TEHRAN, Dec. 20 (Xinhua) -- Iran's Minister of Industry, Mines and Commerce Mehdi Ghzanfari ordered to stop trade transactions with the United Arab Emirates (UAE) late Monday, the semi-official Mehr news agency reported Tuesday.
Ghzanfari ordered the suspension of any kinds of trade transactions with the UAE on Monday evening, according to the report.
The report did not detail on the Iranians' move but said the decision was supposedly made due to the UAE's anti-Iran stances.
The UAE's disputes with Iran over three islands located near shipping lanes in the Persian Gulf have rumbled on for three decades. Although there is little sign of escalating into armed conflicts, both sides remain sensitive on the issue.
The islands, Abu Musa, the Greater and Lesser Tunbs, are controlled by Iran but claimed by the UAE with broad Arab backing.
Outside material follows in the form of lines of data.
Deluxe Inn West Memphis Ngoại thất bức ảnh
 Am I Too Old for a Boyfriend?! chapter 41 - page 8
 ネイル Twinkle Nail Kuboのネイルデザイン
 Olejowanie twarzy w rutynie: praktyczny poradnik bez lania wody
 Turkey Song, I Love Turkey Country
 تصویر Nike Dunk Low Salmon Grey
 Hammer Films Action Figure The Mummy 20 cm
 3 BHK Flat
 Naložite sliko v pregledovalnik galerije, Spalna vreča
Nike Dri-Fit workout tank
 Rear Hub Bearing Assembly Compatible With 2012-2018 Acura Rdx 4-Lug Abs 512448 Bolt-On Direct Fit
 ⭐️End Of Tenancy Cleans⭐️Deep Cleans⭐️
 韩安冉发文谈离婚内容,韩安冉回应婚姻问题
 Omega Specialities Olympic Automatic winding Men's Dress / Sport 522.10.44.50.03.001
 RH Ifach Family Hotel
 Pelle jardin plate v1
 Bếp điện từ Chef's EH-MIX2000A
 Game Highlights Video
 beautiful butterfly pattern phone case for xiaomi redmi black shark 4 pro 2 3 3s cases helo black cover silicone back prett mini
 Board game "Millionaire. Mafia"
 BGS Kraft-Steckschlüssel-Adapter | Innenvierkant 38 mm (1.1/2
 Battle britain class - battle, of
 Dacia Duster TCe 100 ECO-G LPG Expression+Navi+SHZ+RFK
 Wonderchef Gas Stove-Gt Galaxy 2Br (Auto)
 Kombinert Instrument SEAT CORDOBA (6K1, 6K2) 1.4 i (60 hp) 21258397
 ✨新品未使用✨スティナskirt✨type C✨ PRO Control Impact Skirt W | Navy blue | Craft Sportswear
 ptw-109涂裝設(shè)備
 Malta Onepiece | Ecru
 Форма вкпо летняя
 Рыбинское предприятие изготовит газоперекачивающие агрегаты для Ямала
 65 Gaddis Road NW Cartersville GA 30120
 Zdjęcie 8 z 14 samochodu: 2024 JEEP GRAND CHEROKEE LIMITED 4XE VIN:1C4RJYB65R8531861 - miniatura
The UAE ties with Iran have been strained since Iran installed maritime offices on one of the islands in 2008.
In May, the Iranian top military commander Vice Admiral Ali Shamkhani slammed efforts by the UAE to get close to the North Atlantic Treaty Organization (NATO).
The UAE is attempting to become the first Arab country to send an ambassador to NATO.
Talks on cooperation with NATO, both on military and diplomatic level, began in Istanbul in 2004. The UAE joined NATO's Istanbul Cooperation Initiative, which was launched at an alliance summit that year to bolster bilateral security cooperation with countries in the Middle East.
Currently, the U.S. Obama administration and its European allies are seeking assurances from major oil producers, such as Saudi Arabia, Kuwait and the UAE, to increase exports to the European Union and Asian nations if tighter sanctions on Tehran's energy exports and central bank are enforced in the coming months.